Another contributor to reduced vaccination rates are reports that vaccinations cause more harm than good. Such reports are sustained in part by non-science-based social media claims. Even when original scientific reports are discredited, many parents continue to decide not to vaccinate their children.

How will these “anti-vaccination” parents/carers feel, sitting at the bedside of their critically ill child trying to make sense of the doctor’s explanation that even if their child pulls through, they will never be able to see again? Or explaining to their grown up child that he will never be able to father children due to an almost forgotten childhood disease? All because Mum and/or Dad paid more attention to a campaign on social media with no scientific basis, than to medical advice supported by decades of evidence? Yes, there are instances of people becoming ill with the diseases themselves, or suffering rare side effects of vaccination, but these are rare and pale in comparison to the morbidity and mortality prevented by vaccinations. After all, these same people do not stop driving their car to work when they hear that someone else had an accident doing so. The huge decline in epidemics of viral diseases following the introduction of vaccination programmes speaks to their effectiveness. The vaccine for measles was introduced in 1968 and is estimated to have prevented 20 million cases of measles and 4,500 deaths.

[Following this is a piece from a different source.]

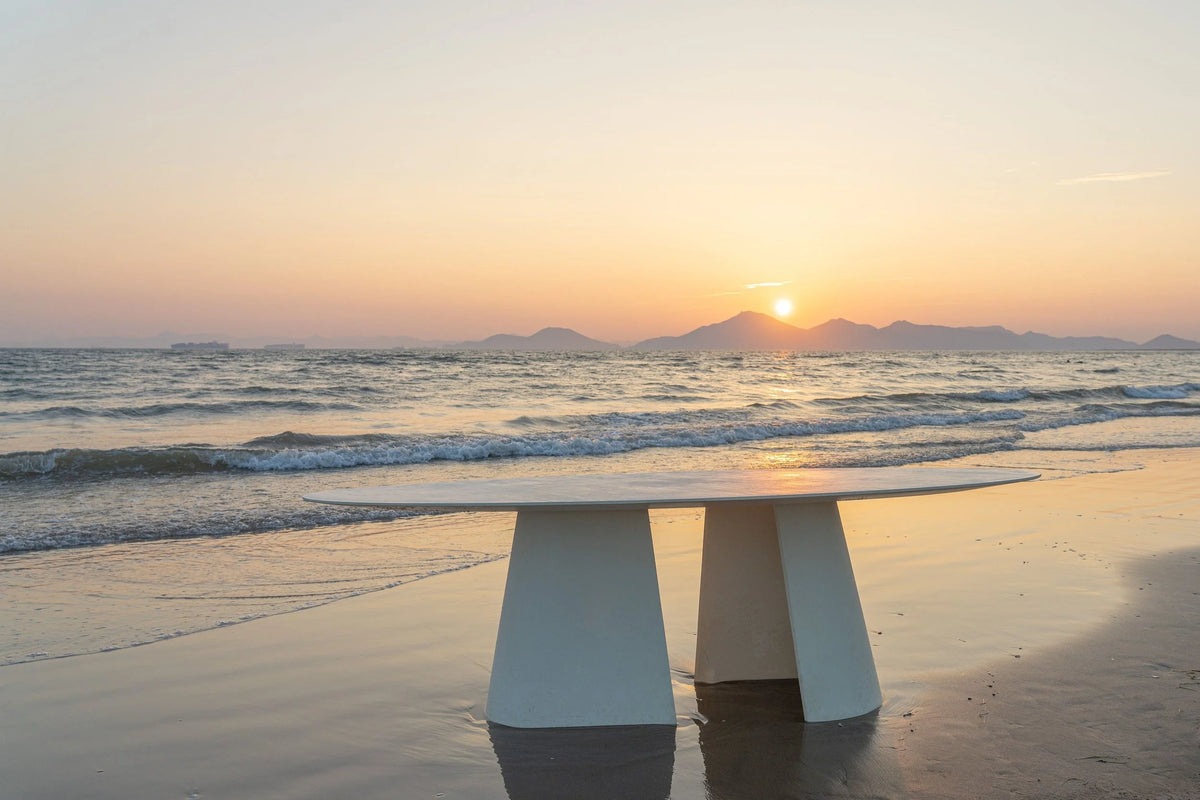 Tumuli Oval Dining Table in white on a beach at sunset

In fact the vaccination programme was so successful that it led to the UK being declared ‘measles free’ in 2017.

 

 

 

 

 

 

 

Source – Public Health England; University of Oxford Vaccine Knowledge Project

Yet countries that we travel to on holiday still have measles outbreaks so it is still crucial to get children vaccinated. Even in the US and UK, the large increase in non-vaccinated children means that measles outbreaks (starting with people catching the disease abroad) are becoming more common – evidenced by the second graph above. An alarming statistic is that there are more cases of measles in 2018 than there were in 1998.

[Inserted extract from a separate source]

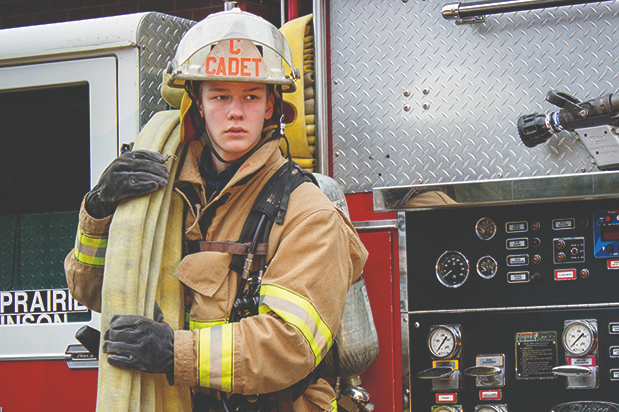 Student in turnouts holding fire hose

Increased numbers of unvaccinated people pose a threat to society at large. Herd immunity can protect a small number of unvaccinated individuals. Indeed, some individuals cannot be effectively vaccinated, including very young infants or when there is a problem with their immune system. But when the number of unvaccinated people rises, these viruses can ‘find’ susceptible hosts and take root once again in the population. This puts our most vulnerable society members at risk. The decision to not immunize is not a victimless decision. We need to maintain vaccination programmes on a global scale, to maintain ‘herd immunity’ and halt the current increase in the numbers of cases occurring.

Bottom line – vaccination works and prevents needless suffering from preventable diseases.